Directions: All lines from the one containing "kitchen featuring backsplash, sink, light" through the end of the data below are to be repeated exactly, with pictures left out.

Exercise data:
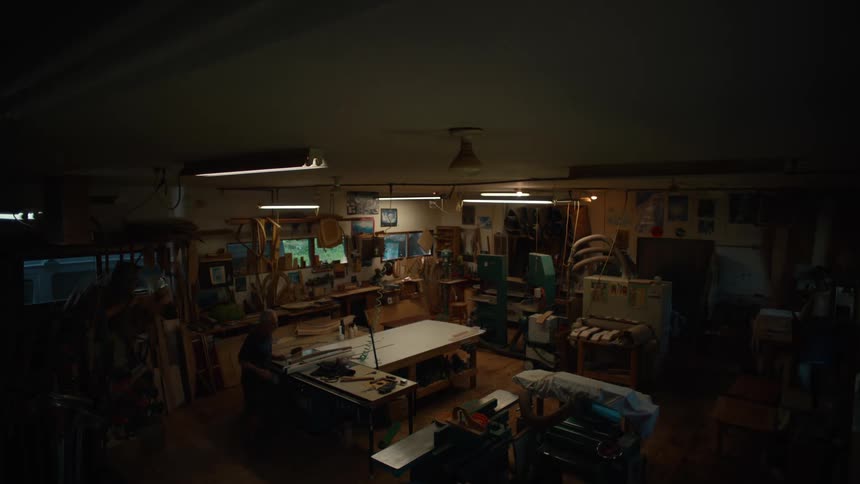 Older woodworker works in his workshop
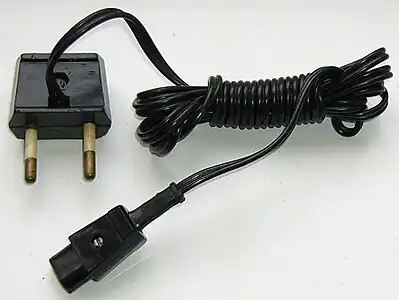 Soviet shaver power cord. The plug is similar to CEE&nbsp;7/16, but has different configuration. Thermoplastic plug is rated 6&nbsp;A and 250&nbsp;V.
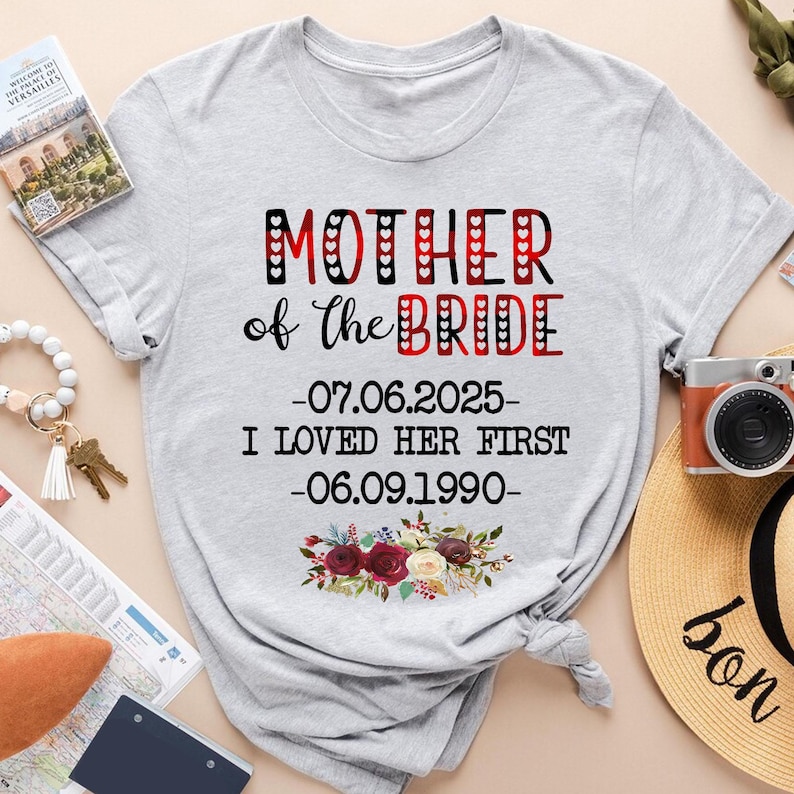 May include: Gray t-shirt with red and white plaid design. The text "Mother of the Bride" is printed in black with red hearts. The dates "07.06.2025" and "06.09.1990" are printed below the text, along with the phrase "I loved her first".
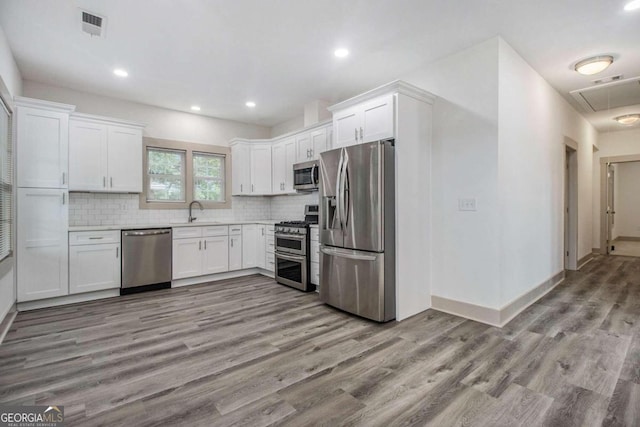 kitchen featuring backsplash, sink, light wood-type flooring, white cabinetry, and stainless steel appliances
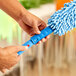 A person using a Lavex Flex Wand Duster with a blue microfiber sleeve on the end.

Result of this task:
 kitchen featuring backsplash, sink, light wood-type flooring, white cabinetry, and stainless steel appliances
 A person using a Lavex Flex Wand Duster with a blue microfiber sleeve on the end.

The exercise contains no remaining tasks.